View Full Version : Has your nostalgia changed?
rkotm
07-11-2011, 06:59 PM
Do you visit back to old games (Say, Super Castlevania 4) and feel a different nostalgia from say 10 or 20 years ago? Has age/life changed your nostalgia for the better? Like for instance, Earthbound for SNES has definitely changed from how i used to play it/remember it. I play it differently now, battles, using items i never have before, and i understand the game much better than i did (also found lots of text from talking to different people, so its like never having played certain parts before) and i look at the game in general differently, however its still a fun, endearing game to me.
lackofcolour
07-11-2011, 08:17 PM
Nostalgia is weird, haha. I remember games like Crash + Spyro having the 'best graphics ever', until I went back and played them again. Sometimes I wonder if I should play through a game again because it might ruin the nostalgia I have for it. Then again, I have no trouble going back and playing Pokemon on the Gameboy, haha. Maybe in my case it's graphics, Crash + Spyro don't hold up so well but Pokemon hasn't changed. I am better at games in general now though, so that can ease the strain of the jagged lines on my eyes. :)
Boltorano
07-11-2011, 09:30 PM
I'm not sure if it has changed too much, but I do take some strange steps to maintain it.
I only play Final Fantasy VI, my favorite game, in the late autumn/early winter, because I first rented it from the local video hut around Thanksgiving 1994. That, and the changing of the seasons seems to fit well with the themes of the game.
Edmond Dantes
07-11-2011, 09:37 PM
It kind of has. Like for example there was a game I owned since I was a kid that I thought I would never sell, but then recently I realized I don't actually like it that much, and just let go of it. That's been the theme of my life lately, letting go of things, and in doing so finding things I actually like that I shouldn't let go of.
On another level, for me old-schooling used to be about the nostalgia. Nowadays its not really that its old school, but that there are games I like that happen to be old.
Kyle15
07-11-2011, 10:16 PM
On another level, for me old-schooling used to be about the nostalgia. Nowadays its not really that its old school, but that there are games I like that happen to be old.

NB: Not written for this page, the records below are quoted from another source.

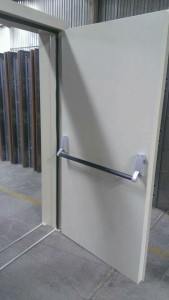 Fire-rated exit door equipped with a panic bar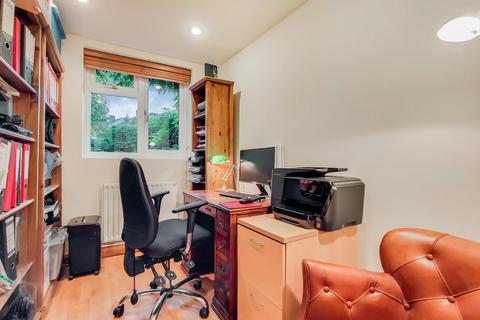 122 Clay Hill, Enfield, EN2 9AE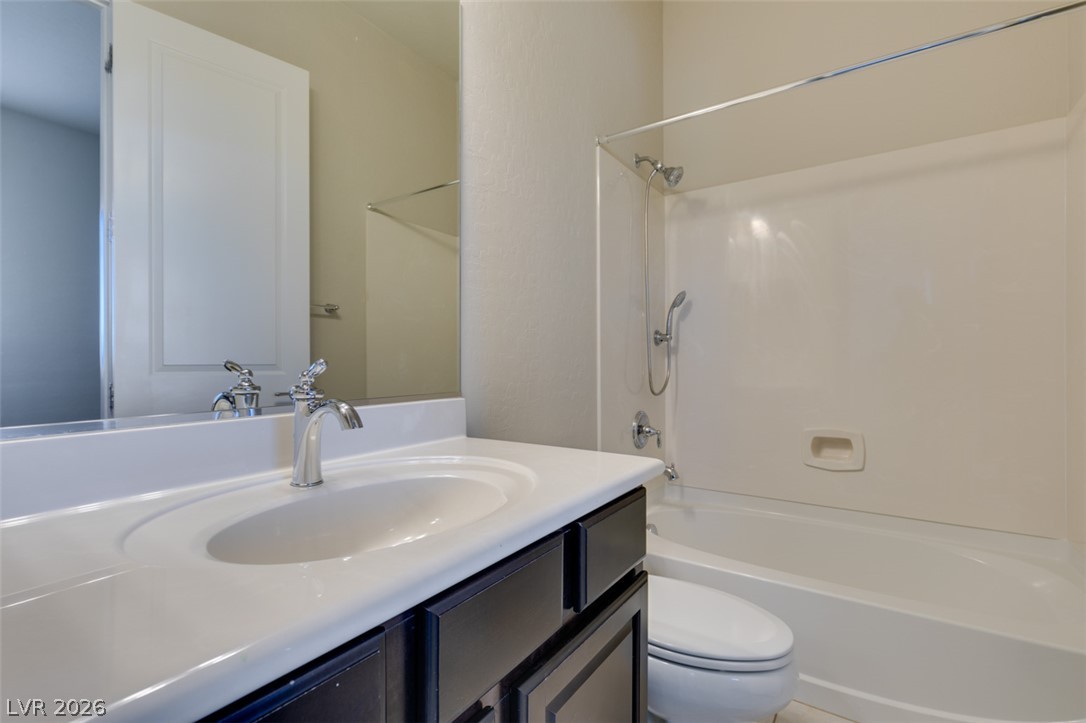 2249 Gondi Castle Avenue Property Photo 38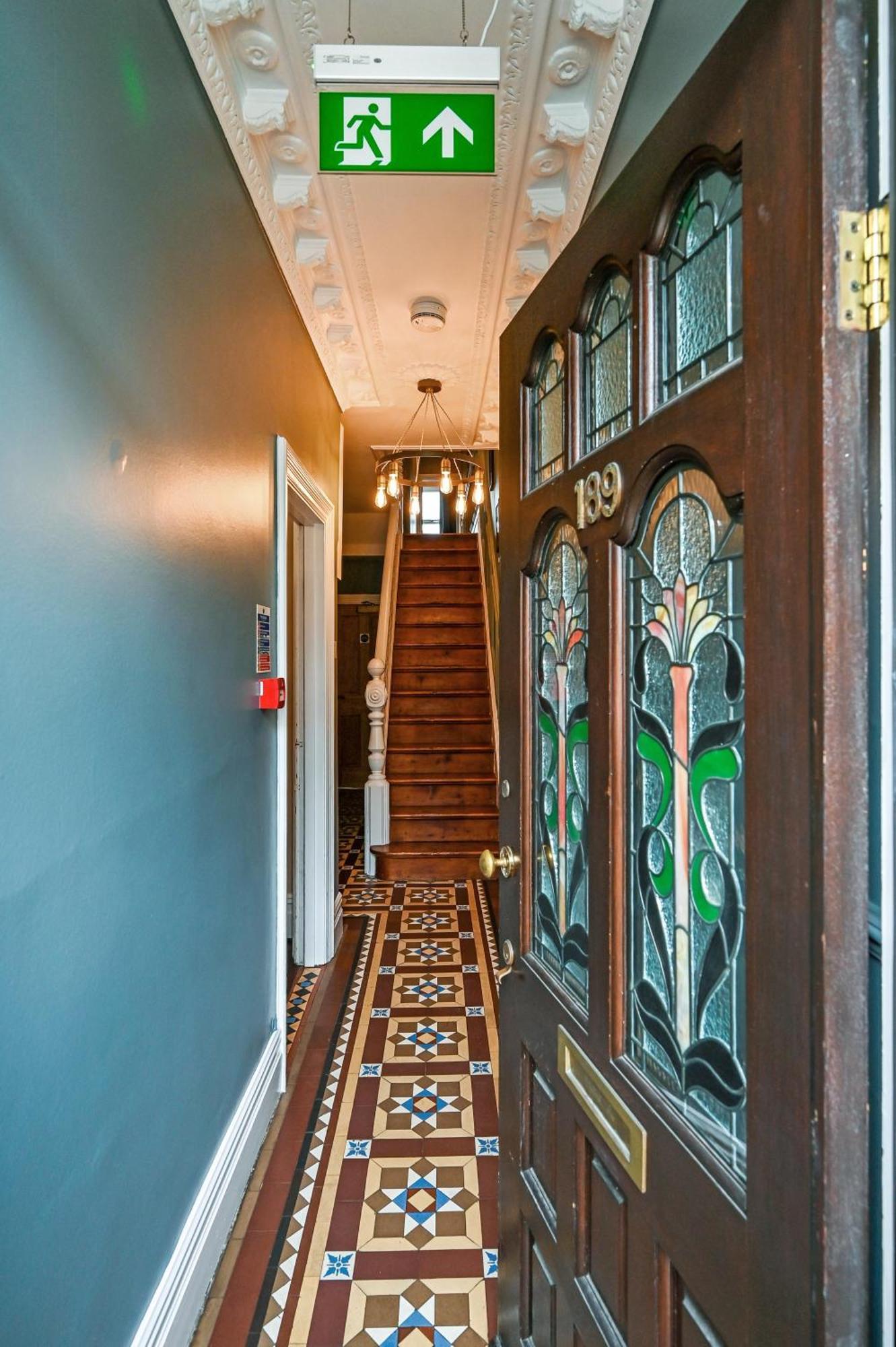 Вилла Beautiful Townhouse, Great Location - Pet Friendly Кардифф Экстерьер фото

Absolutely. I'm still catching-up with stuff I missed, not just for the sake of being old.
Rickstilwell1
07-12-2011, 12:02 AM
I have a different take on nostalgia. I can feel just as nostaligic about an early Playstation 2 game as I can a Genesis or NES game. They just bring back different memories for me. The Nintendo 64 always reminds me of my old neighbor coming over to play multiplayer with me for example.
Steven
07-12-2011, 03:18 AM
when I first got BACK into the SNES early 2006, those were some major major nostaliga days. firing a game up like COMBATRIBES or WORLD HEROES (2) put me in a major OMG I REMEMBER THIS 10-12 years ago!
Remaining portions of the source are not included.